JSON Array Serializer

Saving things to the database in Rails is generally very easy. It handles strings, numbers, booleans, and other common types pretty well. One common data type that is not as well supported is JSON arrays. Whenever you have a collection of objects, be it an Array of Hash or something custom like a DeveloperArray of Developer, saving it in Rails can be a pain. What would be nice is to have a way to build on to Rail’s serializers to make it possible to save and load these kinds of data transparently like everything else.

Enter JSONArraySerializer.

class Developer < OpenStruct
  def develop(name)
    # Write code.
  end
end

class DeveloperArray < Array
  def develop
    each { |d| d.develop }
  end
end

class Company < ActiveRecord::Base
  serialize :developers, JSONArraySerializer.new(array_class: DeveloperArray, element_class: Developer)
end

Specifying a Common Interface

The first thing we need to do is declare the interface. What must every object know how to do in order to be serialized. First of all we have two types of objects to deal with, the array object, and the element object.

Array Class API

From the docs:

A.new : Array -> A
a.to_a : -> Array (where a is an instance of A)

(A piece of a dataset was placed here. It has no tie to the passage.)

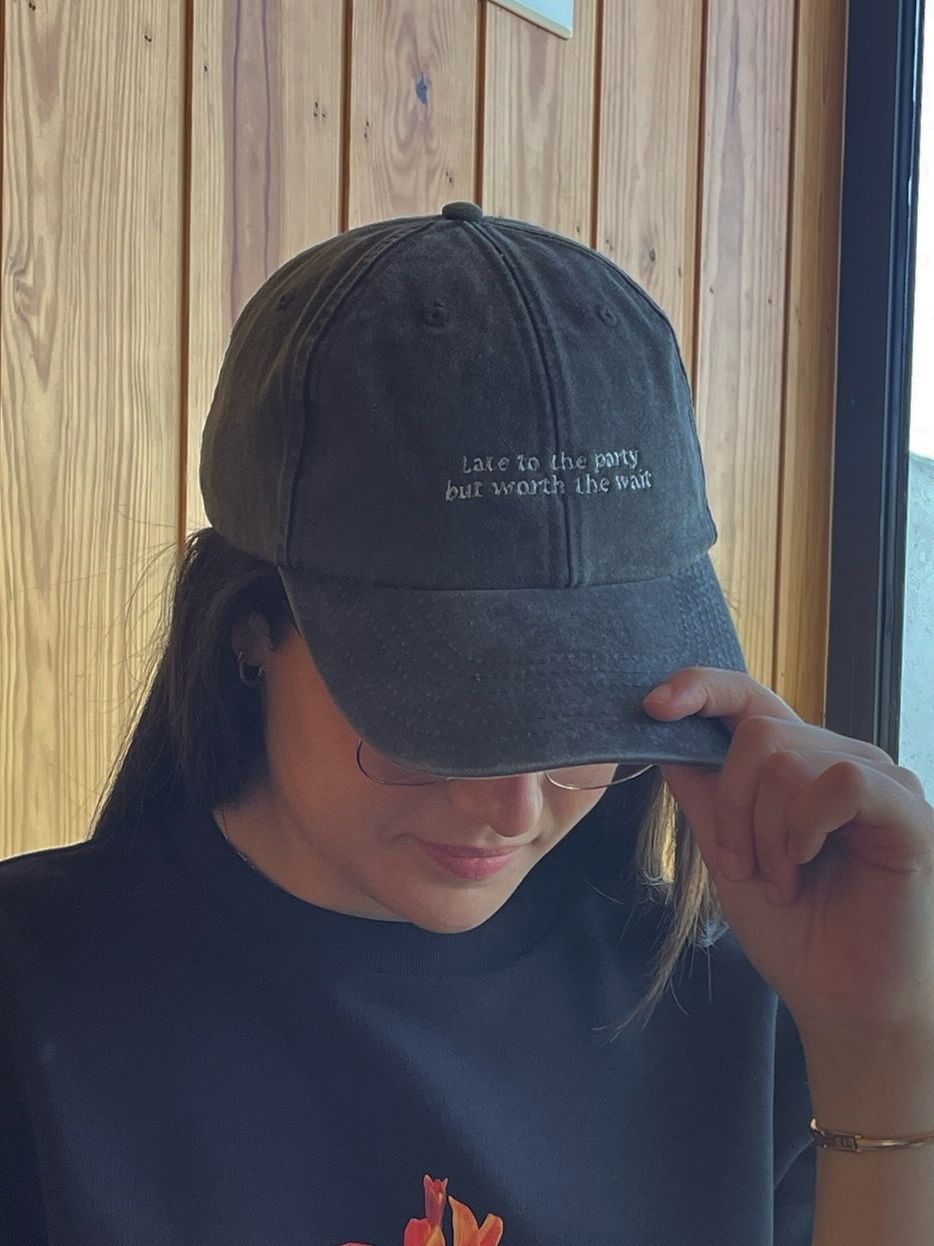 THE HAT CLOCK BLACK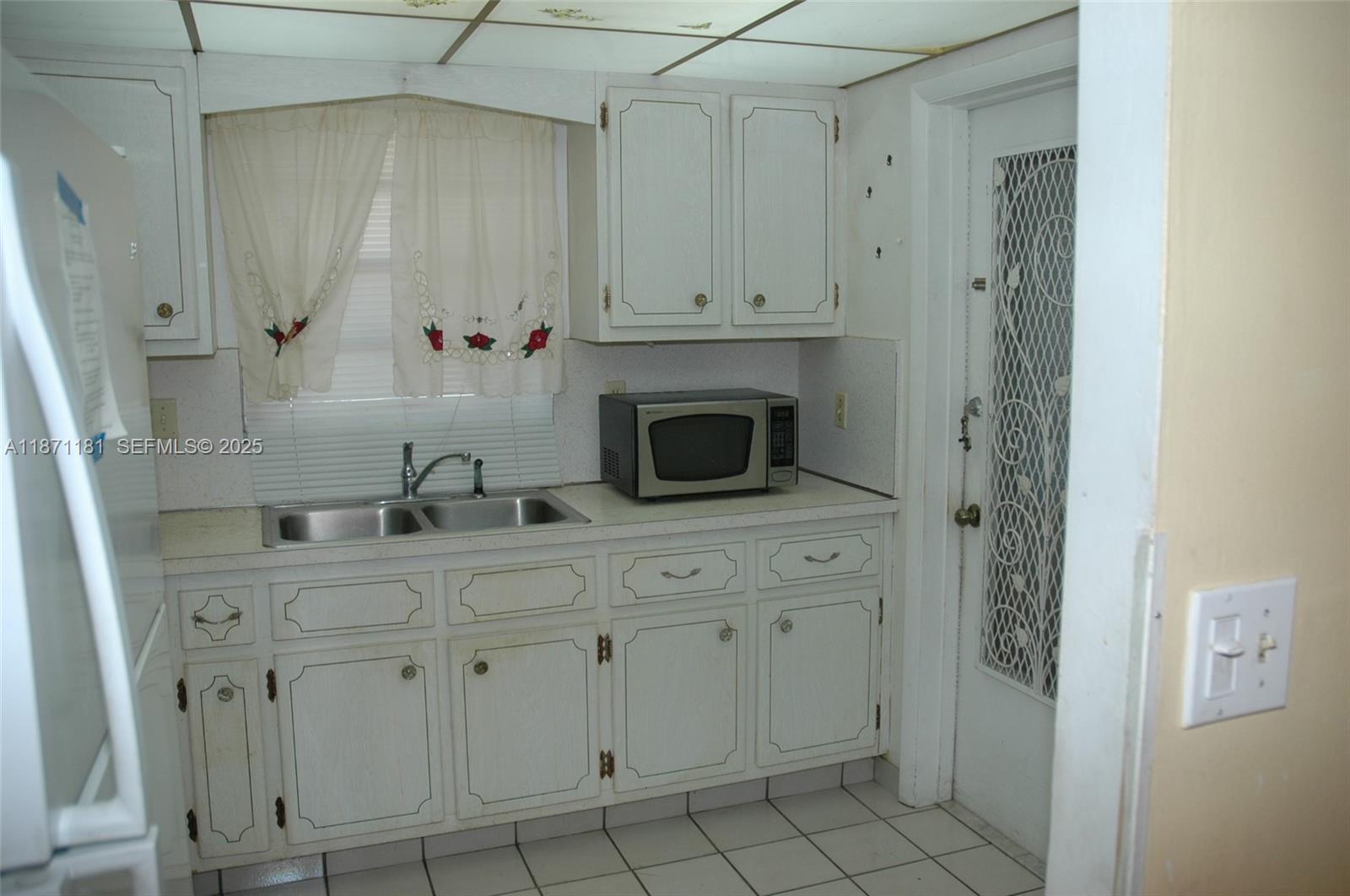 BEVERLY HILLS CONDO NUMBE - Residential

So, for example if we had DeveloperArray.new([Developer.new, Developer.new]) then the DeveloperArray class would need it’s .new method to accept 1 Array argument and return an instance of itself. It also needs to define a #to_a method which returns an array

Element Class API

From the docs:

A.new : Hash -> A
a.to_h : -> Hash (where a is an instance of A)

Much like the array class, this is just saying that the Developer class must have a .new method taking a Hash and returning an instance of itself, and a #to_h method which returns a Hash.

The Serializer API

This interface is very simple, and conveniently already implemented by Array and Hash, making them the perfect defaults for our library. Making use of custom classes should be just a matter of specifying them when we create our serializer.

The next decision we need to make is where to put the class name information. Clearly we expect the a DeveloperArray to be saved and loaded back into another DeveloperArray, but how will Rails know to do that? YAML solves this problem by saving class names in the data representation itself. I opted to have the information saved in the serializer itself. The advantages of this are twofold.

First, the data will be pure, clean JSON. There will not be any ruby specific attributes injected, so loading these columns from the database will be simple and portable.

Second, it makes our implementation simpler. We don’t need to do any evaluation of the data before we start putting it into the right classes. The serializer knows what array class and element class to put things in already.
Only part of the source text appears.